Listen, I know it can be scary to let go. Admitting that you’ll never read another Harry Potter book is like accepting the end of a relationship. It might seem like you’ll never find another book series you’ll love this much. In moments of desperation, you may even go backwards, spending a lonely Sunday with an old favorite: maybe Prisoner of Azkaban or Goblet of Fire.
But for all the great things Rowling did for reading—and I would argue she did a lot—her most important contribution has been to change the stigma around young adult fiction. Since the Harry Potter books, YA has risen to a new level of prominence and respectability. There are more books, of greater variety, and many of them are being bought by adults. Which means there’s no better time to try something different.
Different doesn’t have to mean obscure, or even brand new. So just to get you started, here are five YA series worth a read:
The Hunger Games (3 books), by Suzanne Collins
Many people have seen these movies, but the Hunger Games is at its strongest as a book series. As engrossing as Potter, the trilogy also offers just-as-valuable life lessons about following your heart, knowing yourself, and avoiding bloodthirsty teenagers in good-versus-evil battle royales.
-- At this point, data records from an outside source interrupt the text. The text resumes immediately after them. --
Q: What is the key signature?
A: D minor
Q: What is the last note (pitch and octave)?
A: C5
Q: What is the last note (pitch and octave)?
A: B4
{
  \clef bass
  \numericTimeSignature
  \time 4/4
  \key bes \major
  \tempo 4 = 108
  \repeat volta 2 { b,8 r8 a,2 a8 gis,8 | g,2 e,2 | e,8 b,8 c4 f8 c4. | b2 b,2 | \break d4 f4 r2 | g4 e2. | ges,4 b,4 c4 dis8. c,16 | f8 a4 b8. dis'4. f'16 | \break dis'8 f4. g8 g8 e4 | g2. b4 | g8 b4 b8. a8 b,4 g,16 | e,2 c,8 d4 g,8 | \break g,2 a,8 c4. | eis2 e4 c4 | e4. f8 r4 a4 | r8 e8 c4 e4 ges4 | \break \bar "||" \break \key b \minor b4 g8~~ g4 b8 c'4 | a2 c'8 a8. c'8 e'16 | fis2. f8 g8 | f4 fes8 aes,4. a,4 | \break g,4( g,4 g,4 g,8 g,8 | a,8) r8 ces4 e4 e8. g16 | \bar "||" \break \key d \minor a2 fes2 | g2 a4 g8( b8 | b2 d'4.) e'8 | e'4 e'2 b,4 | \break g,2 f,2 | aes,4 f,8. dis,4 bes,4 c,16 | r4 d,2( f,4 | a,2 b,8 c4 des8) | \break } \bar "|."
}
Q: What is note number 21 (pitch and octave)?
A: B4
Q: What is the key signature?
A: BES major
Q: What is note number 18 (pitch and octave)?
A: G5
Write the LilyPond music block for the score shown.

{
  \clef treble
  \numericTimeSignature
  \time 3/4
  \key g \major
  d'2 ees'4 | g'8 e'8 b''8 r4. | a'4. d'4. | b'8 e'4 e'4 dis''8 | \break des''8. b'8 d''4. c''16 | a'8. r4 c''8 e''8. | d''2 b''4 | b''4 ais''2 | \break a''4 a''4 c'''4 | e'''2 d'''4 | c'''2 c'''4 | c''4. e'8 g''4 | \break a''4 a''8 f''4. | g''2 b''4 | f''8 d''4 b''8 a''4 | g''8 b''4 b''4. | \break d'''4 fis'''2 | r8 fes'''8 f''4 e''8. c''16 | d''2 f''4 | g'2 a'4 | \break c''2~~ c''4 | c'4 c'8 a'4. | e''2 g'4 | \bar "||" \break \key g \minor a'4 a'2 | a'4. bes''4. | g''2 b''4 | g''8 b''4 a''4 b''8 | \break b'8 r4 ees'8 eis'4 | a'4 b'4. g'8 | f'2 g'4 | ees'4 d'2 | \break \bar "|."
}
And despite the popularity of the Jennifer Lawrence-lead film adaptions, Collins hasn’t even hinted at writing more.
Gone (6 books), by Michael Grant
Even though these books aren’t fantastically written, and contain elements of dubious supernaturalism, the Gone series—which kicks off with all of the adults in a particular town spontaneously disappearing—is a modern-day Lord of the Flies, complete with power-hungry toddlers and nuclear conspiracy theories.
The Magicians (3 books), by Lev Grossman
This trilogy isn’t technically young adult—it features cursing, drinking, and a bit of sex—but it hews so closely to the Harry Potter formula that I would be remiss to exclude it. Main character Quentin Coldwater is just a regular nerd dreaming of a bigger life when he finds himself suddenly thrust into a secret entrance exam for Brakebills, a hidden magic school in upstate New York.
Divergent (3 books), by Veronica Roth
The Divergent series has already been made into (woefully subpar) movies, but the books do a far better job of outlining Roth’s intellectual and moral questions, chiefly: What happens when you try dividing society into “factions” based on personality traits? (Sensing a theme? While not all young adult series are dystopian, it’s certainly common. See also: vampires.)
The Inheritance Cycle (4 books) by Christopher Paolini
If you’re done with Potter but in the mood for more mystical creatures, look into this trilogy by Christopher Paolini (who was just 14 when he started writing the first one). The books chronicle the adventures of Eragon, a boy who comes upon a blue stone in the forest that ultimately proves to be a dragon egg. Finders keepers.